The provincial government asked the Quebec Court of Appeal in the summer of 2015 to look into the legality of the federal plan after arguing securities regulation falls under provincial jurisdiction.
A majority of the five justices who studied the matter ruled in Quebec’s favour on Wednesday.
Ontario, British Columbia, Saskatchewan, New Brunswick, Prince Edward Island and Yukon have all signed on to the proposed national regulator which, if implemented, would be expected to help oversee stock markets by policing abuses and securities fraud.
Canada is the only G20 country without a national regulator — a fact that can be attributed to the country’s Constitution, which places securities regulation squarely in the realm of provincial jurisdiction.
Proponents of a national regulator say centralizing the process would cut red tape for publicly traded companies and for investors.
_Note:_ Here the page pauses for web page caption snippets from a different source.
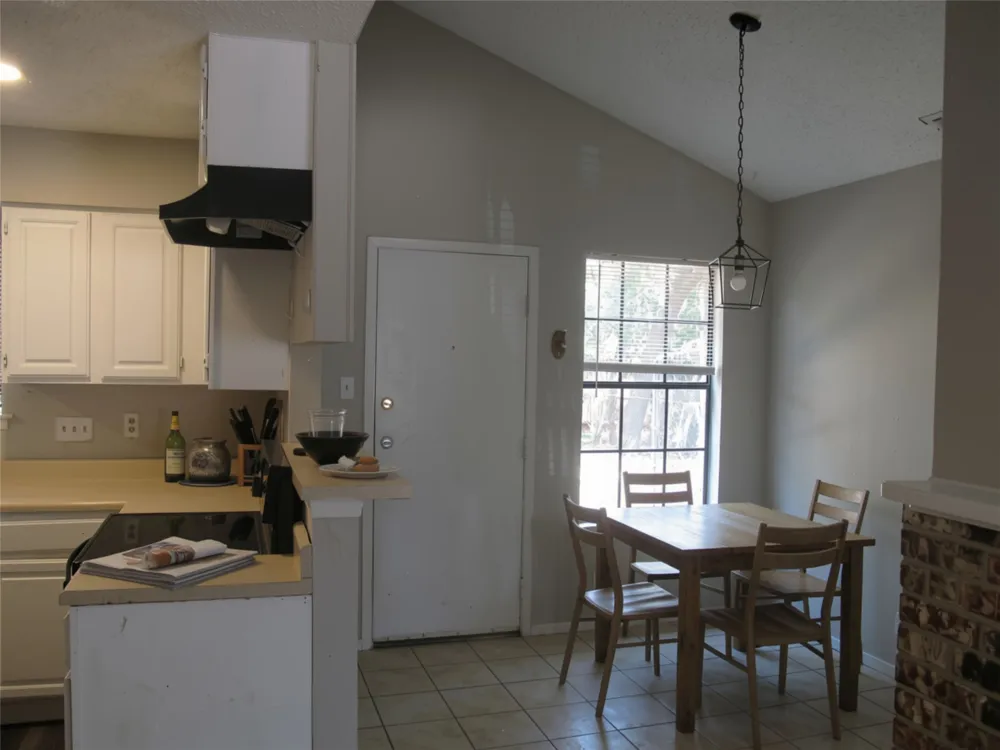 509 Algerita Drive #B Georgetown, TX 78628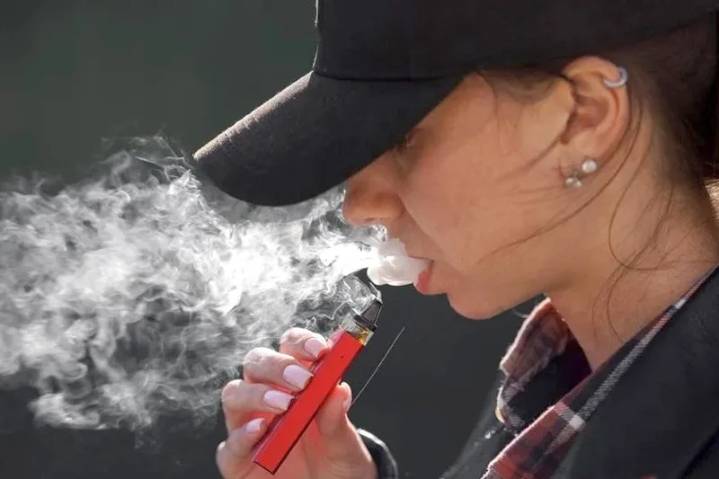 Estudio alerta: vapeo sin nicotina podría afectar el desarrollo del cráneo fetal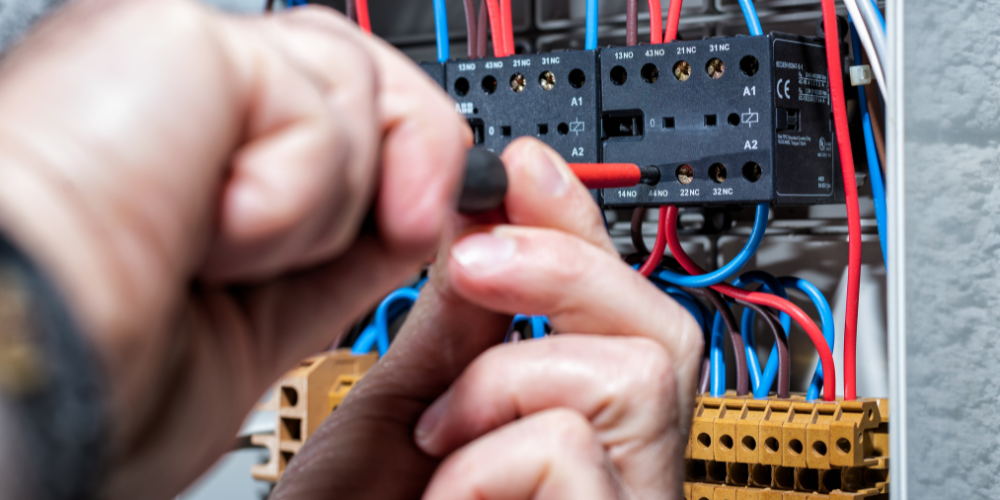 ⚡ Is It Time to Upgrade Your Electrical Panel?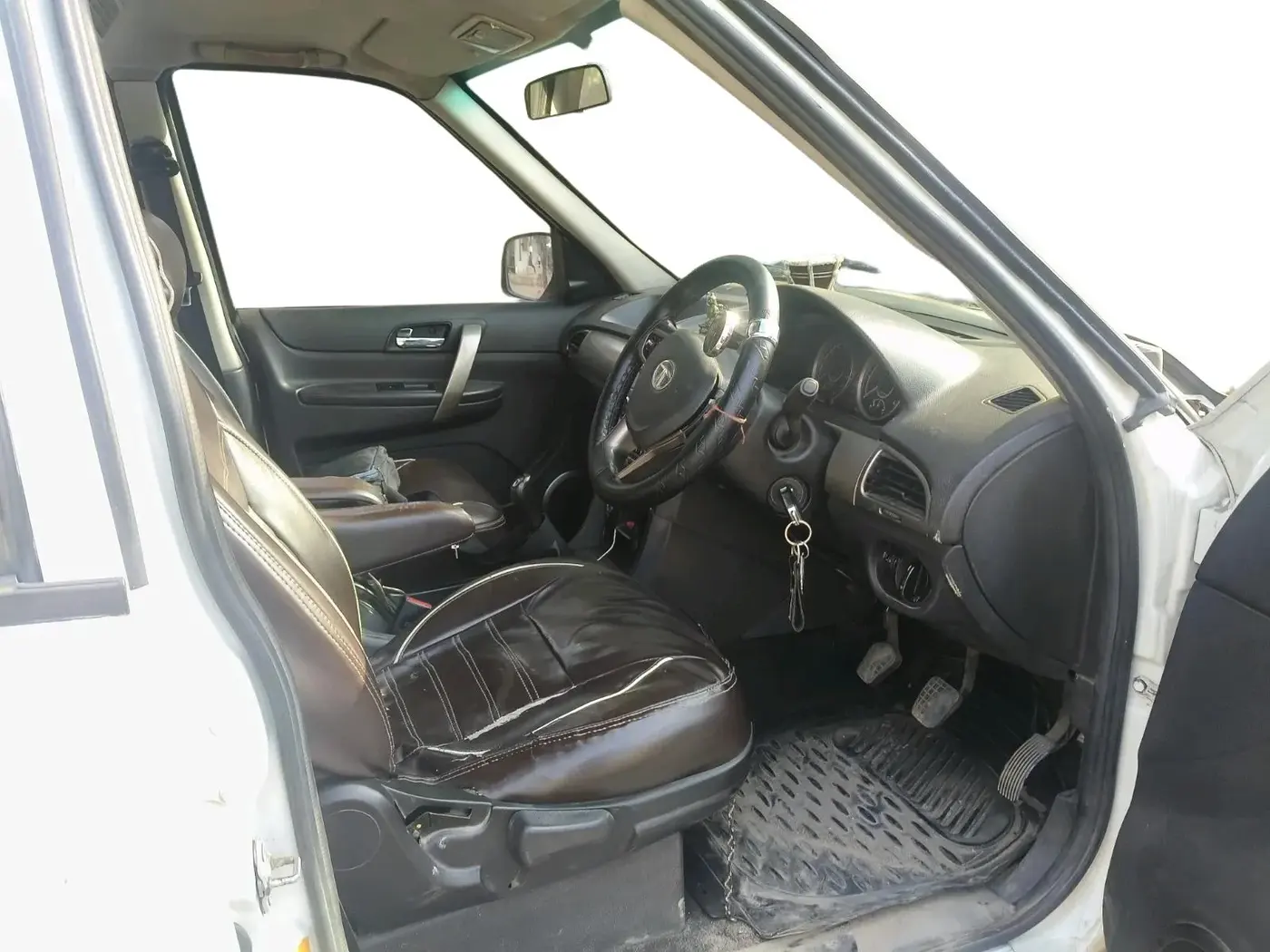2015 Tata Safari Storme 2.2 EX 4X2, Diesel, Manual, 1,51,266 km, interior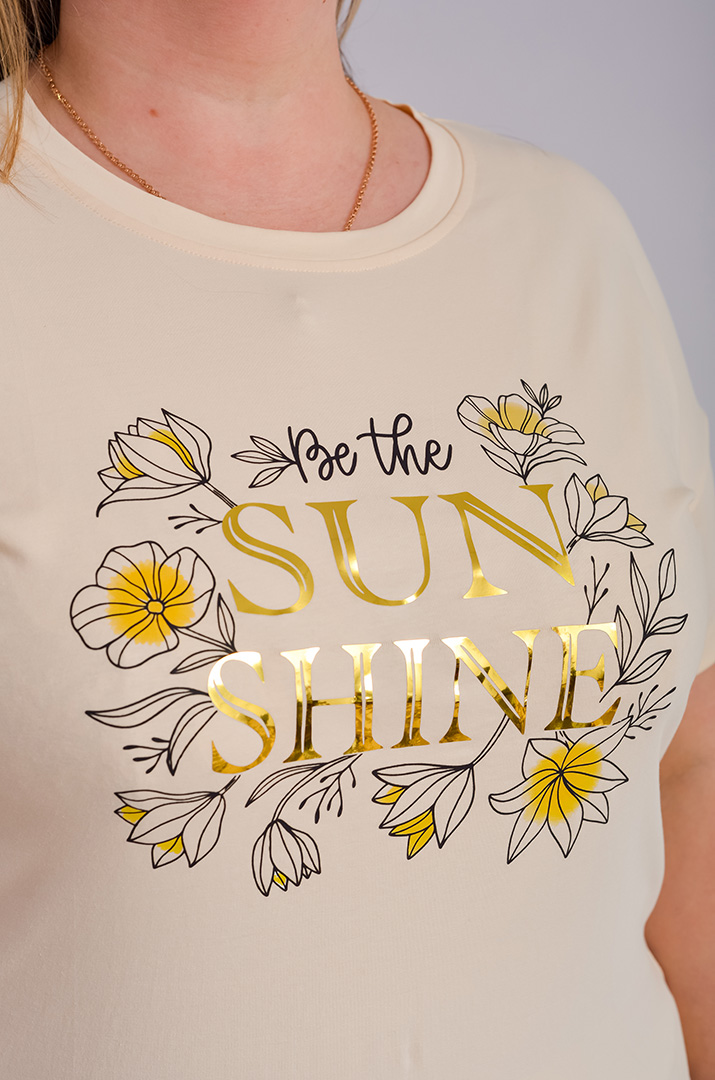 Футболка коротка з написом і принтом великих розмірів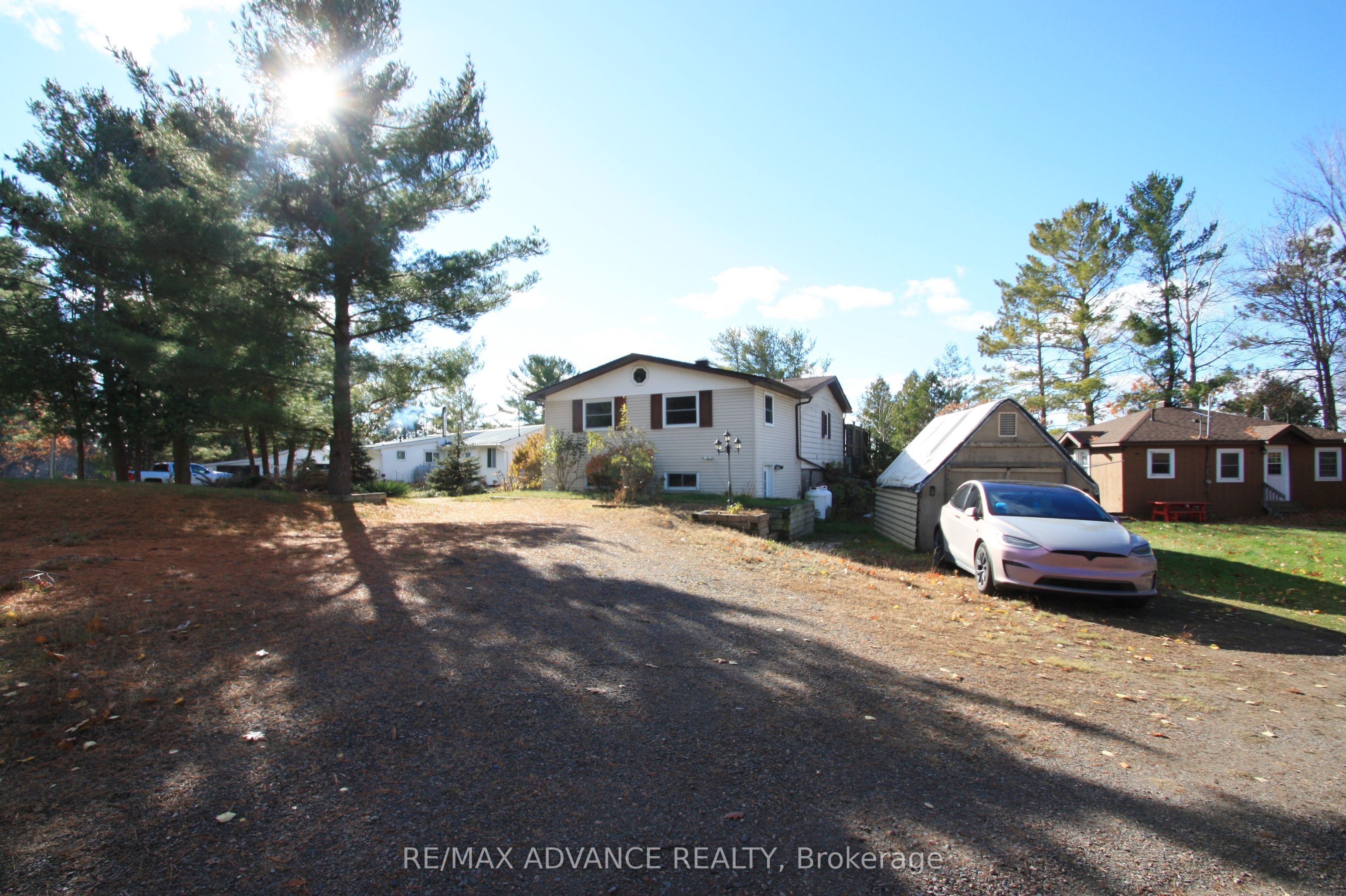 77 Rockview Road Property Photo 3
They also claim it would give smaller jurisdictions access to a more robust regulatory regime.
Opponents say Ottawa is attempting to seize power away from the provinces.
In 2011, the Supreme Court ruled a previous plan was unconstitutional, but hinted that structuring the regulator as a co-operative model —where provinces can choose whether to participate — would make the proposal fair game.
Ottawa’s newest proposal is called the Co-operative Capital Markets Regulator.
The Quebec government referred two questions to the appeals court.
The first dealt with whether the Constitution authorizes the implementation of a pan-Canadian securities regulation under the authority of one body, according to the proposed model.
Four of the five justices, including Chief Justice Nicole Duval Hesler, said it does not, while Justice Mark Schrager abstained.
“The mechanism for amending the Uniform Act…fetters the parliamentary sovereignty of the participating provinces and is consequently unconstitutional,” Duval Hesler wrote.
“It subjects the province’s legislative jurisdiction to the approval of an external entity (the council of ministers), which is impermissible.”
The council would oversee the work of the securities regulator.
The court was also asked to rule on whether the Capital Markets Stability Act, one specific aspect of the proposed overall regime, exceeded Parliament’s authority.
While the four majority justices replied No, they said four particular sections concerning the role and powers of the council of ministers, if not removed, would render the act unconstitutional as a whole.
Quebec’s Government House Leader Jean-Marc Fournier said he hoped the federal government would stop trying to create a national regulator.
“I hope this ruling sends a clear message to Ottawa,” he said.
Fournier added there is no need to touch the country’s current decentralized system.
“There is no reason to upset the system because it works,” he said.